November 29, 2007 at 12:58 pm
Greetings folks. After 299 users added through EM, I promised myself I would make number 300 be the first I add strictly with TSQL. After an hour or two in BOL, this is what I came up with.
USE FTTPVACMC
GO
EXEC sp_grantlogin 'us1\v123456'
GO
EXEC sp_grantdbaccess 'us1\v123456', 'Doe, Joe'
GO
EXEC sp_defaultdb 'us1\v123456','FTTPVACMC'
GO
EXEC sp_addrolemember 'Splicer', 'Doe, Joe'
My questions are: 1) is this the right thing to do? 2) I tried it without using 'GO' after everything, and it worked, but the BOL examples used it, so I tried it and it also worked. What does using 'GO' do that not using it does not? 3) Is there a way to add more than one role at a time, or do I have to exec sp_addrolememeber once for every role?
Greg
Greg
_________________________________________________________________________________________________
The glass is at one half capacity: nothing more, nothing less.
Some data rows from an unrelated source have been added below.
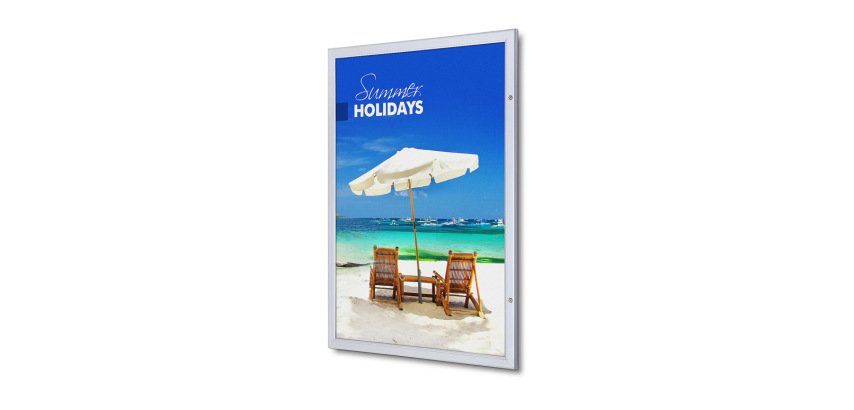 Porte-affiche Verrouillable Economie 70 x 100 cm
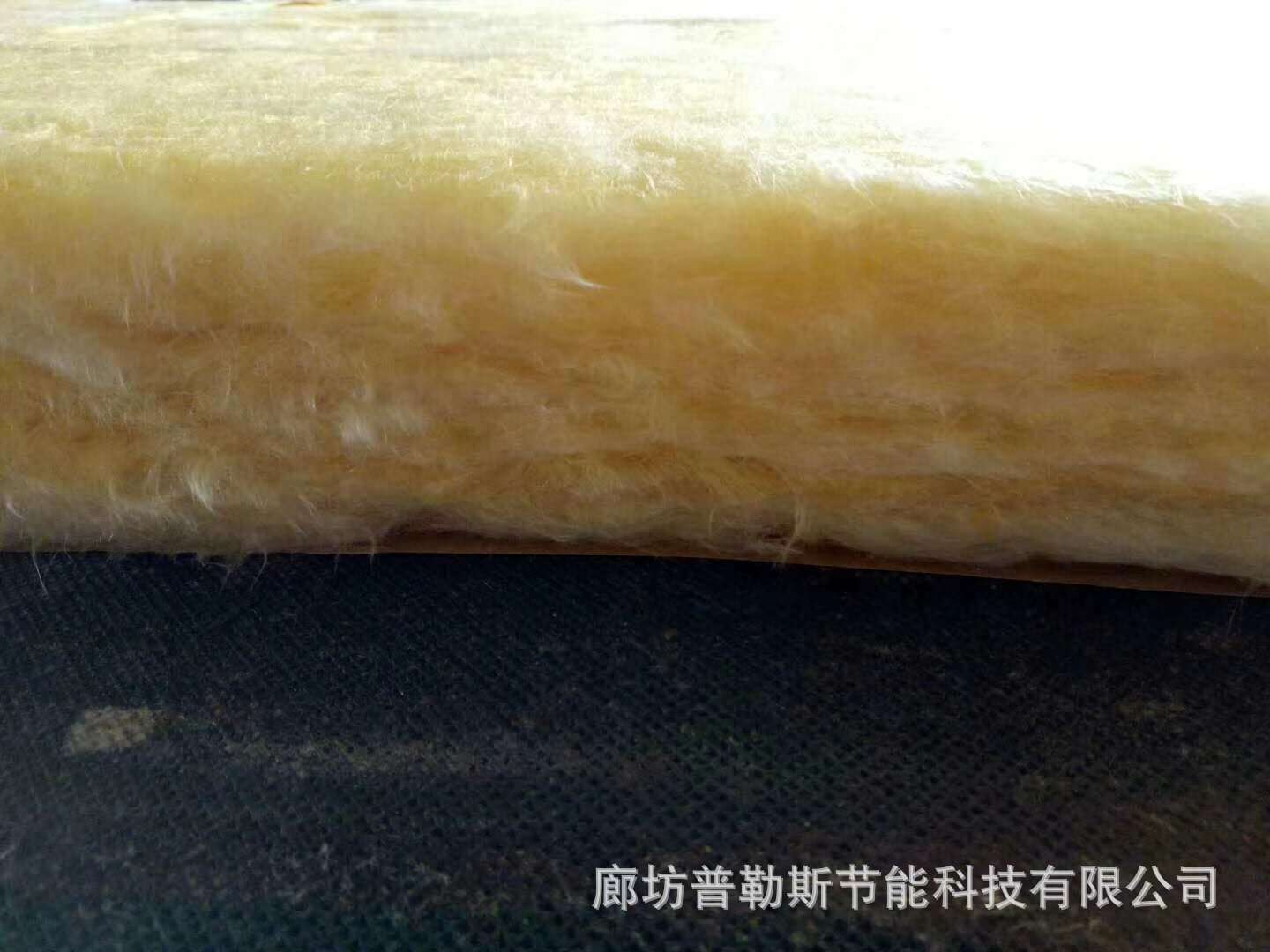 离心玻璃棉卷毡厂家 保温隔热 铝箔黄色保温棉 阻燃玻璃棉卷毡示例图4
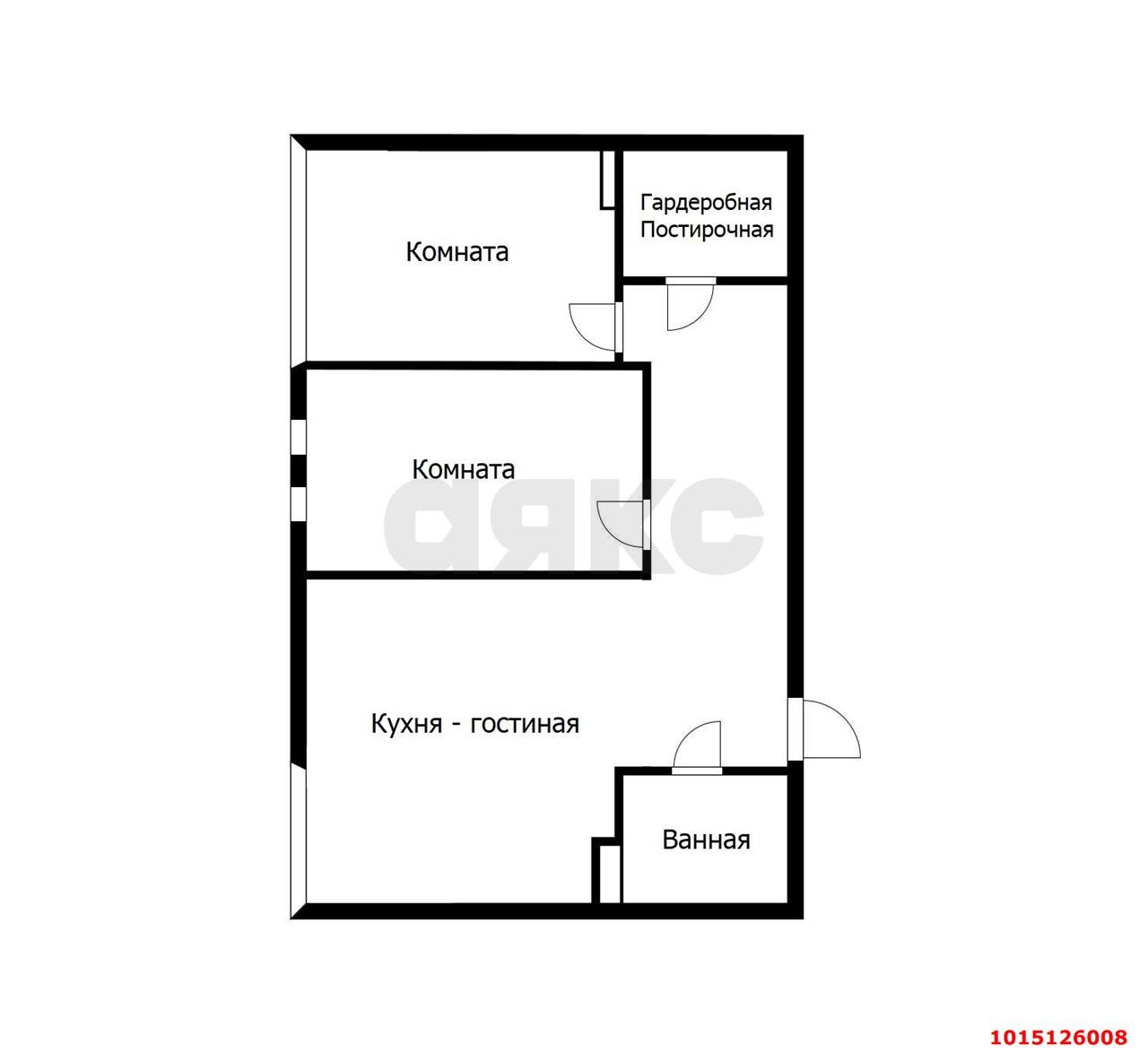 Фото №12: 2-комнатная квартира 61 м² - Краснодар, Фестивальный, ул. Круговая, 4/1к3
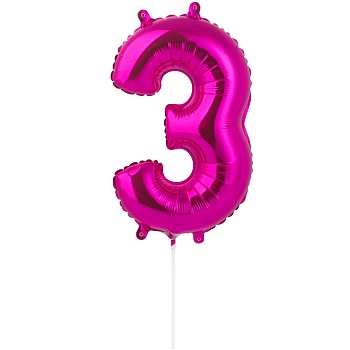 Ф ЦИФРА 3 16" Fuchsia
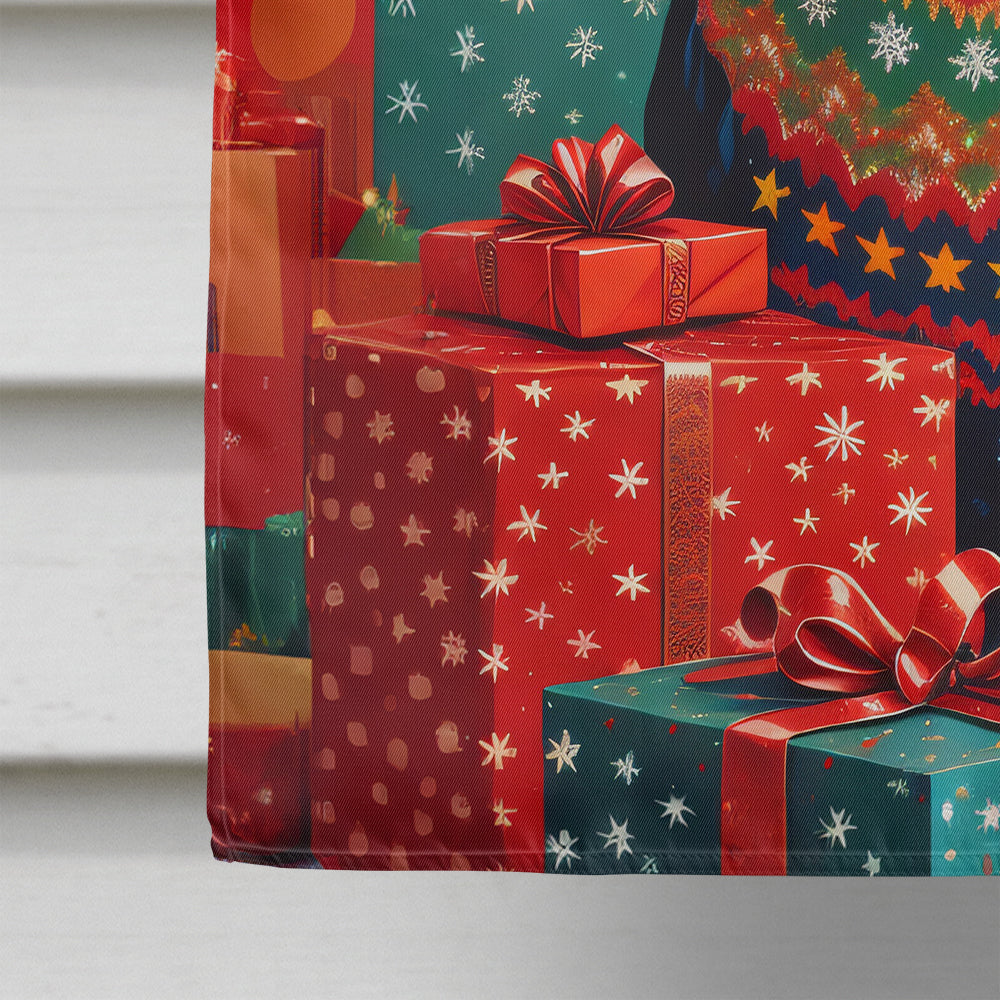 Glamorous Pups : American English Coonhound Holiday Christmas House Flag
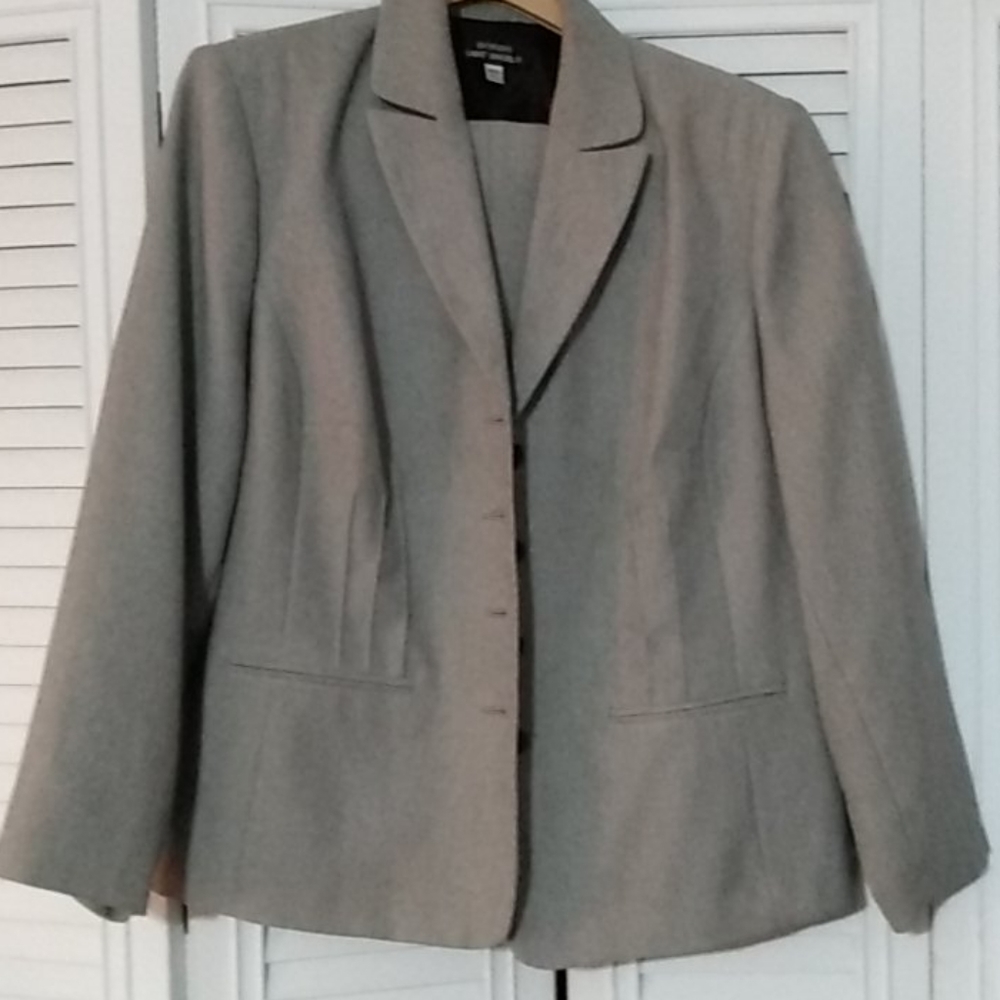 Grey Pantsuit 18W by Giorgio Saint Angelo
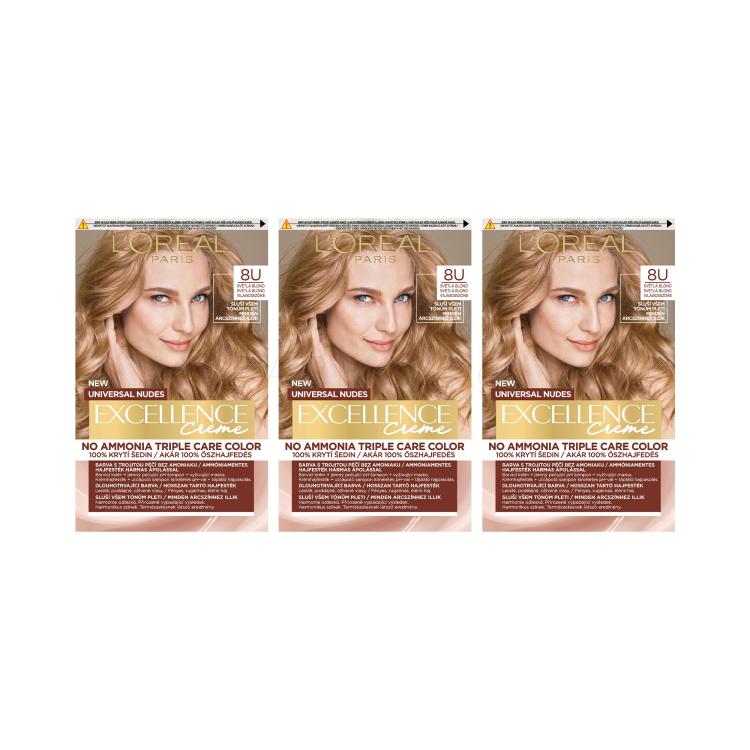 ΕΚΠΤΩΤΙΚΟ ΠΑΚΕΤΟ Βαφή μαλλιών L&#039;Oréal Paris Excellence Creme Triple Protection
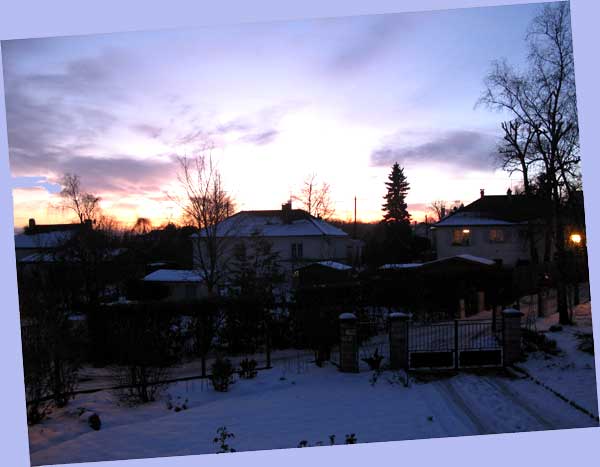 Vu de ma fenêtre, 14 janvier 2010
November 29, 2007 at 3:52 pm
'GO' is the batch terminator that tells whatever utility you're using (QA, sqlcmd, osql) to send the statements before it to SQL Server. Your stored procedures executed with or without 'GO' because they're self contained and you used 'EXEC'. Try running them without 'GO' and 'EXEC' and see what happens.
sp_grantlogin 'us1\v123456'
sp_grantdbaccess 'us1\v123456', 'Doe, Joe'
sp_defaultdb 'us1\v123456','FTTPVACMC'
sp_addrolemember 'Splicer', 'Doe, Joe'
sp_addrolememeber will only add one at a time so you'll have to have to execute it for each role.
Greg
Greg
November 29, 2007 at 7:56 pm
I was afraid of that, but thanks for the reply
Greg
Greg
_________________________________________________________________________________________________
The glass is at one half capacity: nothing more, nothing less.